Source rate and/or service bandwidth fluctuations across consecutive video segments could result in variations of the optimized MNRCs. Hence, clients with RCs close to the MNRCs may experience quality variations across successive segments. One may encode video segments of longer durations to reduce rate fluctuations at the cost of additional server/client-terminal complexity, memory requirements, and delay [43, 44]. Below, we reformulate our problem to include suppression of client dissatisfaction due to quality variations.

Major quality variations are due to unwanted switchings between different layers. This mainly results from the client’s RC crossing the MNRC of a layer subscribed by the client. For example, if a client’s RC is always above the MNRC for the base layer, no frame dropping would occur (within the statistical assurance of the base layer outage probability constraint). Below, we extend our problem formulation to include suppression of MNRC variation. Numerical results shown later demonstrate the effectiveness of the suppression in reducing quality switchings, and more specifically, base-layer outage occurrences.

Let us assume that the client RC distributions do not change significantly across consecutive video segments, i.e., \(F_{m}^{(k)}(.)\approx F_{m}^{(k-1)}(.), \forall m\), where k is the video segment index. Similar to (4), we define the incremental dissatisfaction coefficients β m,l ≥0 to model the client disappointment for not decoding layer l of the current video segment that was successfully decoded previously. Consequently, the disappointment of a class m client who enjoyed layer l of the previous video segment but can only decode the current video segment up to a lower layer \(\hat {l}<l\) is proportional to \(\sum _{j=\hat {l}+1}^{l}\beta _{m,j}\).
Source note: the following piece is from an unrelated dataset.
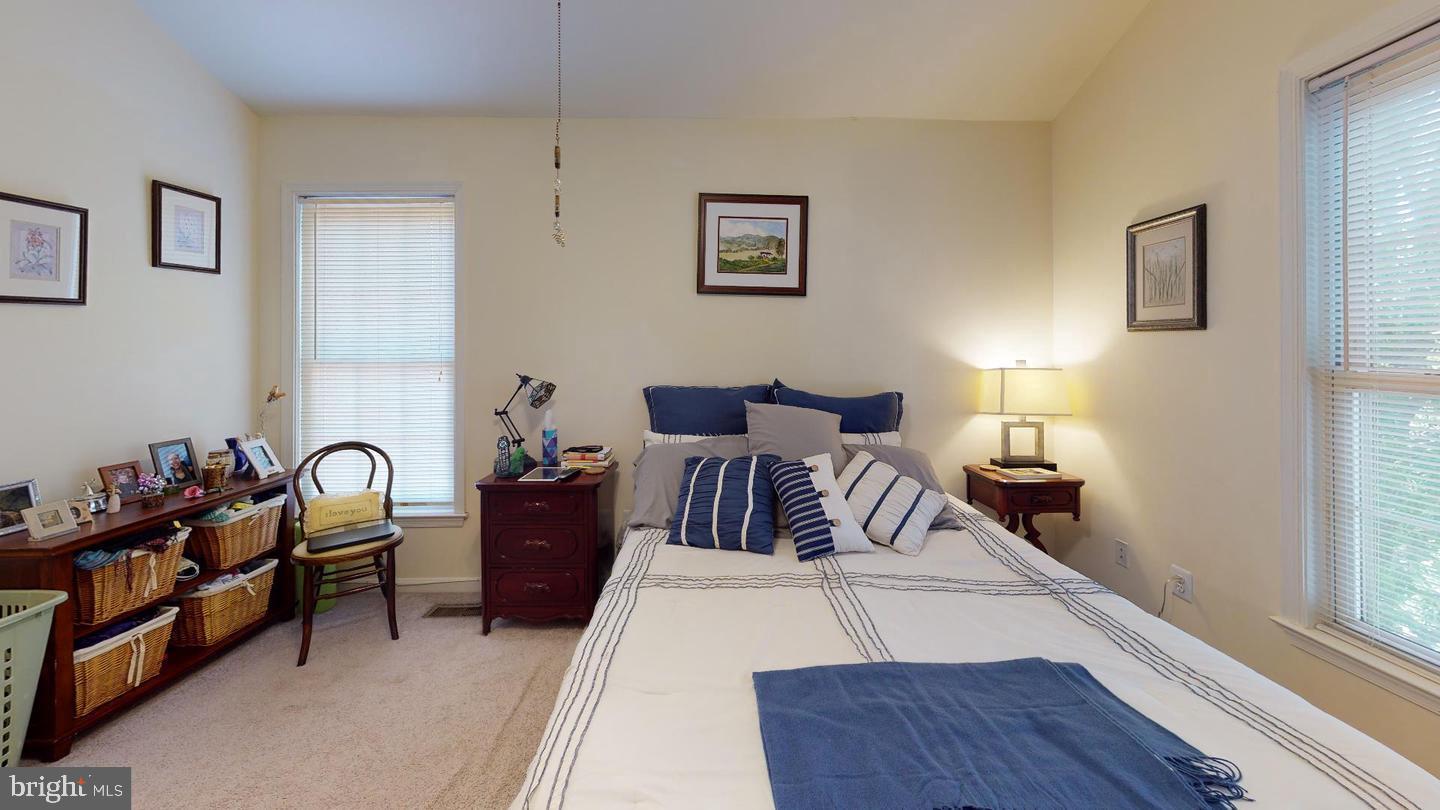 POTOMAC LAKES - Residential Lease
Using β m,l , and considering the non-decreasing property (2) of the MNRCs δ l , the combined client dissatisfaction due to MNRC fluctuations is expressed by
$$ {\selectfont{\begin{aligned} \mathcal{D}^{(k)}=\!\sum_{m=1}^{M}\sum_{l=1}^{h_{m}}\hat{\beta}_{m,l}\left[F_{m}\left(\delta_{l}^{(k)}\right)-F_{m}\left(\delta_{l}^{(k-1)}\right)\right]\mathcal{I}\left(\delta_{l}^{(k)}\geq\delta_{l}^{(k-1)}\right), \end{aligned}}} $$
(22)

where \(\hat {\beta }_{\textit {m,l}}=\pi _{m} {\beta }_{\textit {m,l}}\), and \(\delta _{l}^{(k-1)}\) and \(\delta _{l}^{(k)}, l=1,\ldots,h_{m}, \forall m\) are the MNRCs for the previous and the current video segments, respectively. Subtracting \(\mathcal {D}^{(k)}\) from the total utility in (7) to instrument a variation-induced penalty term leads to the following optimization problem.

Problem 4.

(Dynamic optimization)
$$\begin{array}{*{20}l} \ & \min_{\left\{\delta_{l}^{(k)}\right\}_{l=1}^{L}} \; \ (1-\lambda)\mathcal{D}^{(k)} +\lambda\sum_{m=1}^{M} \sum_{l=1}^{h_{m}} \hat{\alpha}_{m,l} F_{m}\left(\delta_{l}^{(k)}\right) &\\ \textrm{\textit{subject to}} \\ \ \text{UEP constraints:\quad} & \delta_{1}^{(k)}\ge0, \\ & \delta_{l}^{(k)}-\delta_{l+1}^{(k)}\leq0, \quad l=1,\ldots,L-1,\\ & \delta_{L}^{(k)}\leq1, \\ \ \text{BW constraint:\quad} & \sum_{l=1}^{L} N_{l}^{(k)} \leq N_{\text{max}}^{(k)}. \end{array} $$

0≤λ≤1 effects a balance between the two utility loss terms. A small λ tends to prevent the MNRCs from increasing excessively across two consecutive video segments. However, a longer-term gradual increase of the MNRCs due to variations of the RC distributions F m (.) and source bit rate is still possible. However, an exceedingly small λ may significantly reduce the overall utility provided to the clients. Hence, a judicious choice of λ would avoid letting clients with the worst channels from unduly influencing the solution.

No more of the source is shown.